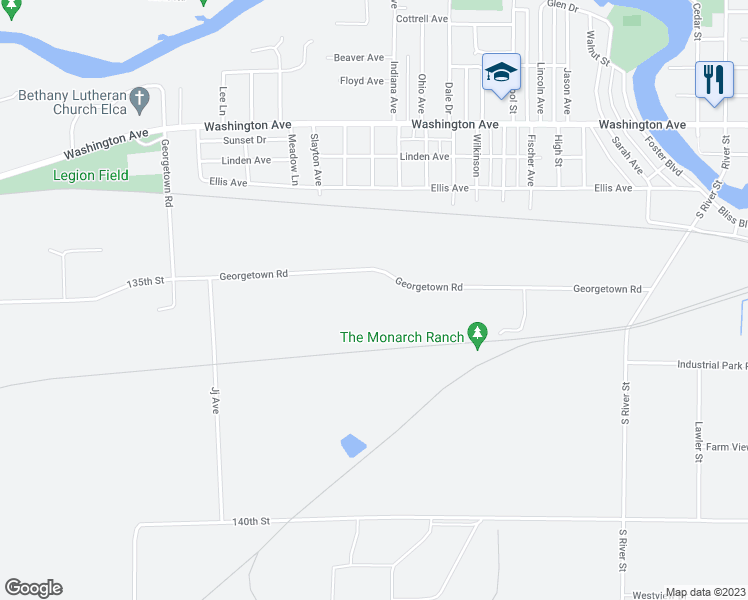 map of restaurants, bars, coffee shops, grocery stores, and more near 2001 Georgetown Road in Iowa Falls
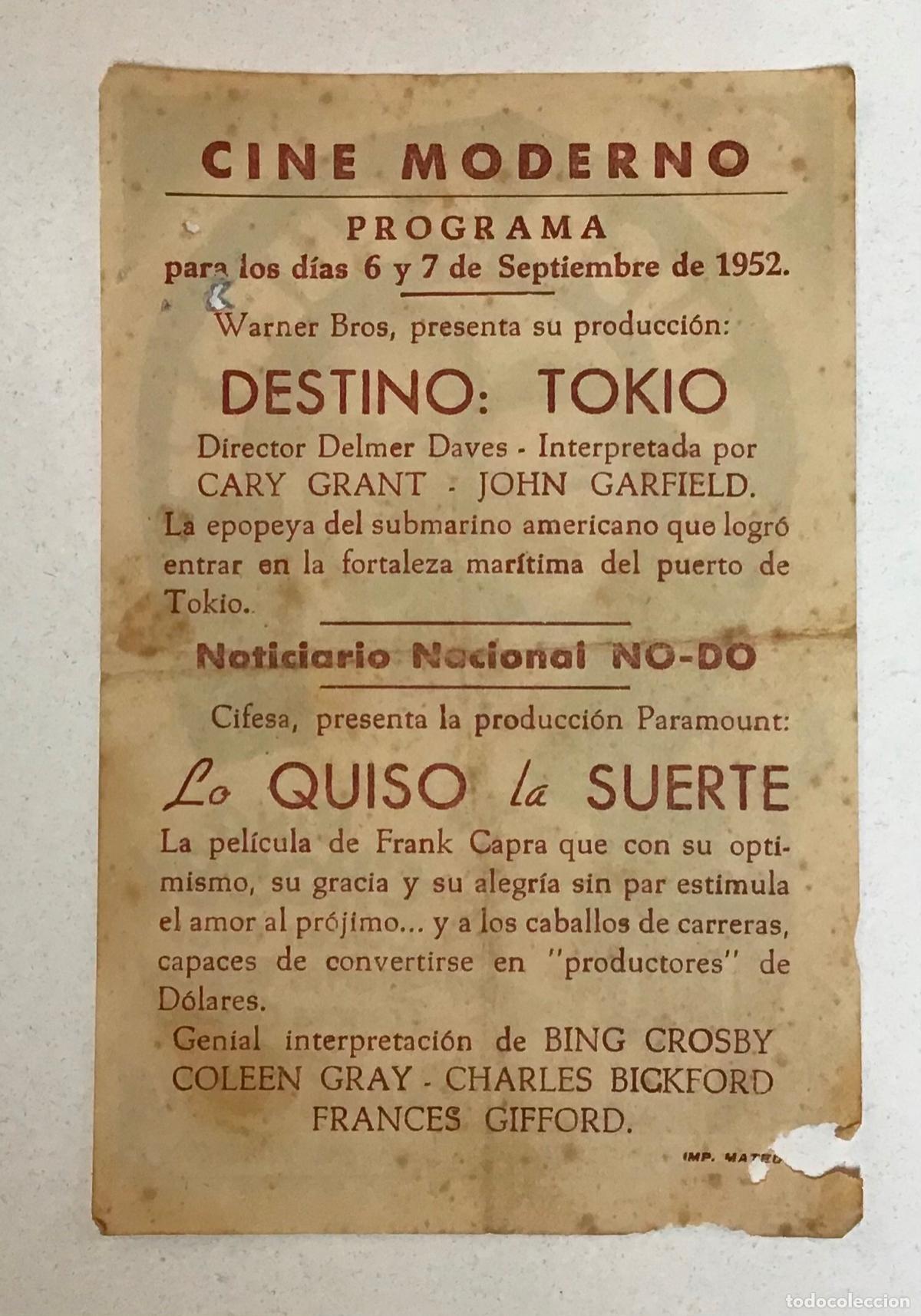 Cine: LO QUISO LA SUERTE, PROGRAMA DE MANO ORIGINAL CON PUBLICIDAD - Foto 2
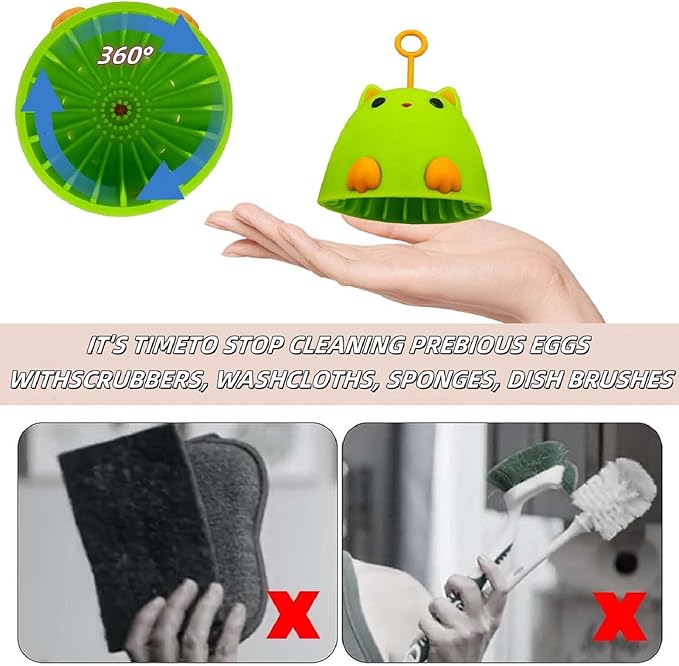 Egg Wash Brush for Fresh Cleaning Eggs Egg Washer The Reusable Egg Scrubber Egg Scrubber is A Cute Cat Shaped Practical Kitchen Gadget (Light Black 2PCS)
--------------------
● **YOUR TASK**: Would you output the data above exactly as written, but with no images?

● **WRITTEN RESPONSE**:
 map of restaurants, bars, coffee shops, grocery stores, and more near 2001 Georgetown Road in Iowa Falls
 Cine: LO QUISO LA SUERTE, PROGRAMA DE MANO ORIGINAL CON PUBLICIDAD - Foto 2
 Egg Wash Brush for Fresh Cleaning Eggs Egg Washer The Reusable Egg Scrubber Egg Scrubber is A Cute Cat Shaped Practical Kitchen Gadget (Light Black 2PCS)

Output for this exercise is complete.